Neurologist Molly McDermott, M.D., director of the Telestroke Program and Medical Director of the Comprehensive Stroke Center at Michigan Medicine shared, “The telemedicine carts allow the University of Michigan providers to see MyMichigan patients in their local emergency rooms and to converse with them and their accompanying family members over video. The U-M providers can control the video camera in the MyMichigan ER from their own computers in Ann Arbor. Over video the U-M provider can perform a neurologic exam that helps them to make appropriate, timely recommendations to the local care team."

While many applications of telehealth use state-of-the-art equipment within MyMichigan Health’s facilities, equally exciting advances are taking place in the palm of a patient’s hand. “One of the most popular uses of telemedicine is to do a video visit from your home or office using your cell phone or mobile device,” said Blodgett. “MyMichigan is one of few health systems that offers the option to do a video visit with your own primary care provider, rather than a randomly-assigned ‘teledoc.’ Patients have expressed a strong preference for seeing their own provider, and this also keeps the documentation in the patient’s medical record for safer cross-checks and better collaboration within the care team. If the primary care provider orders tests or procedures, or refers the patient to another specialist in the health system, all of the related notes and results will be visible to the patient and their care team.”

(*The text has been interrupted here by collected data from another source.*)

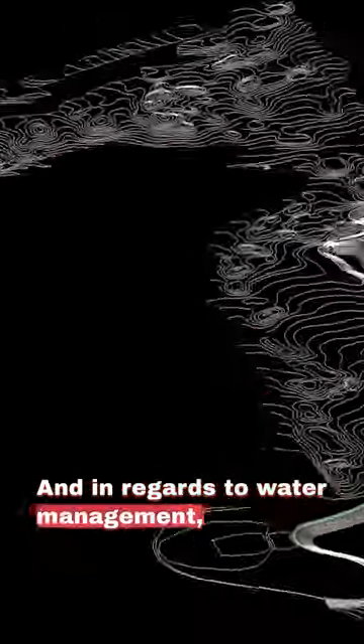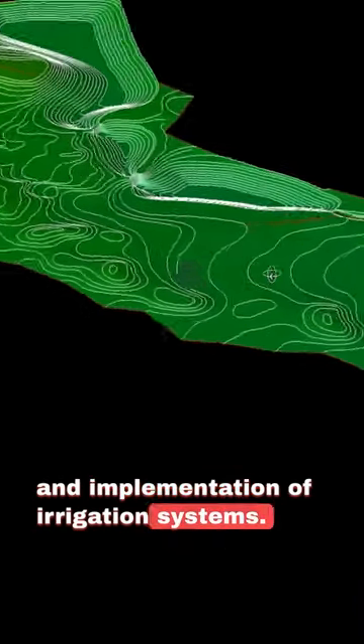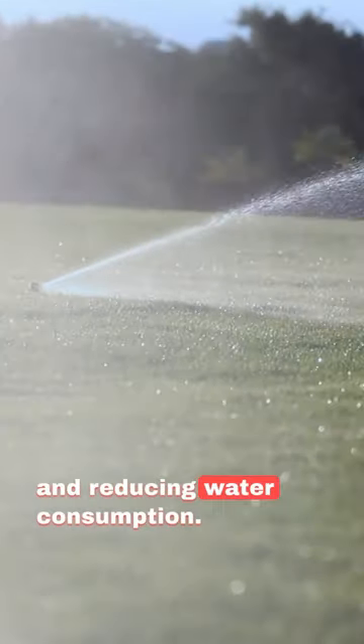In regards to water management, the technology aids in accurate planning and implementation of irrigation systems. It ensures that water is distributed evenly, promoting efficient water management and reducing water consumption.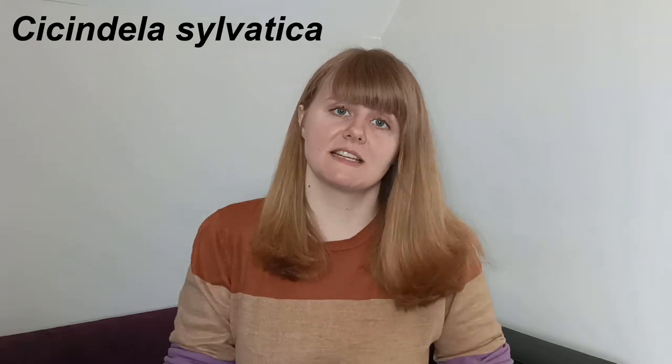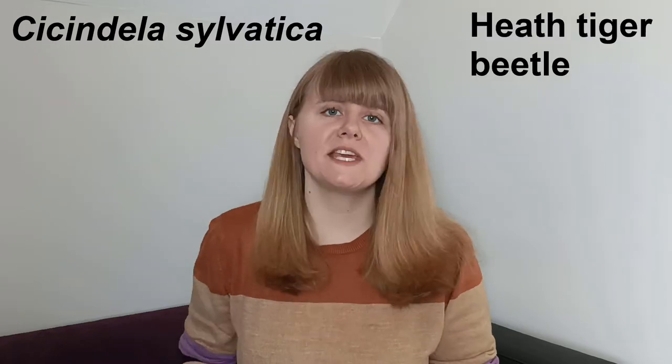Welcome to the 23rd Creature Fridays video where we're going to take a look at Cisindella sylvatica, or the heath tiger beetle. If you're new here, my name's Emily and I'm a zoologist with experience in a range of different types of work and a really big passion for bringing free educational videos about nature to you.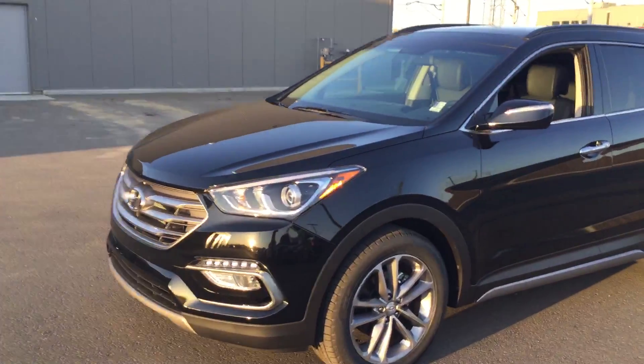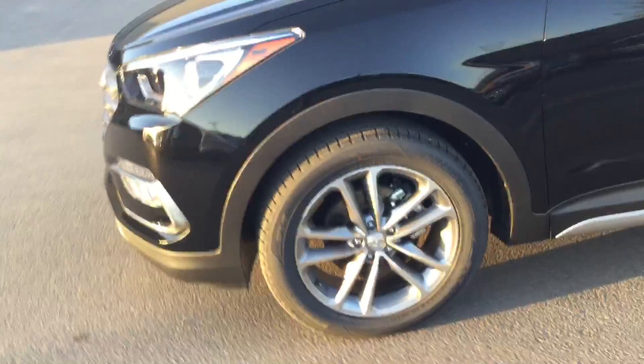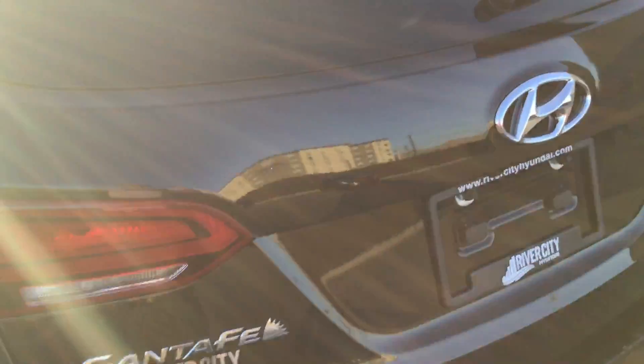Hey man, how are you? So this is our 2018 Santa Fe. There's the rims, the side — it's a nice black color because you guys preferred that color.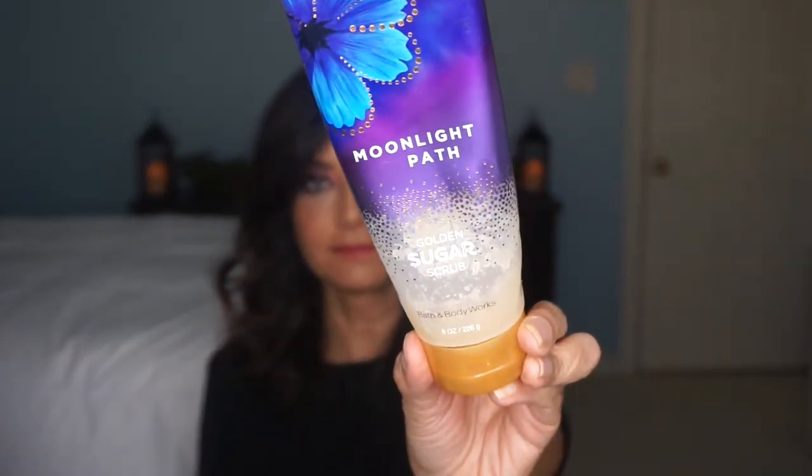Another thing in my shower is my Moonlit Path — this is my favorite scent. I have the shower gel, the lotion, and this is the sugar scrub. I have a stockpile in my drawer because when they have their own sale, that's when I buy it. I'll always be buying this. I just love the scent — this has been my go-to scent. I've been using this for years, so no need to stop now.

What’s next in the telehealth world?

“Another impact of the pandemic is that our urgent cares and emergency departments have seen dramatic increases in volume for non-emergency conditions such as upper respiratory symptoms,” said Blodgett. “We launched a program called Virtual EZCare, which enables patients who have a MyMichigan portal account to see a provider for minor illness such as allergies, respiratory infections, urinary tract infections and rashes. This saves patients time and travel for conditions that can be evaluated without a physical exam. Our EZCare locations in Bay City and West Branch have successfully been offering this service to portal patients, and beginning October 4, we will open up scheduling for non-portal users as well.” 

For conditions that don’t require a video visit, MyMichigan also offers Symptom-Specific E-Visits through the MyMichigan portal account.

“Patients complete a simple questionnaire and upload a photo in their MyChart account. One of our EZCare providers then replies back with an evaluation and recommended treatment plan and if applicable, they can upload a prescription or make a referral to one of our other providers or facilities,” states Blodgett.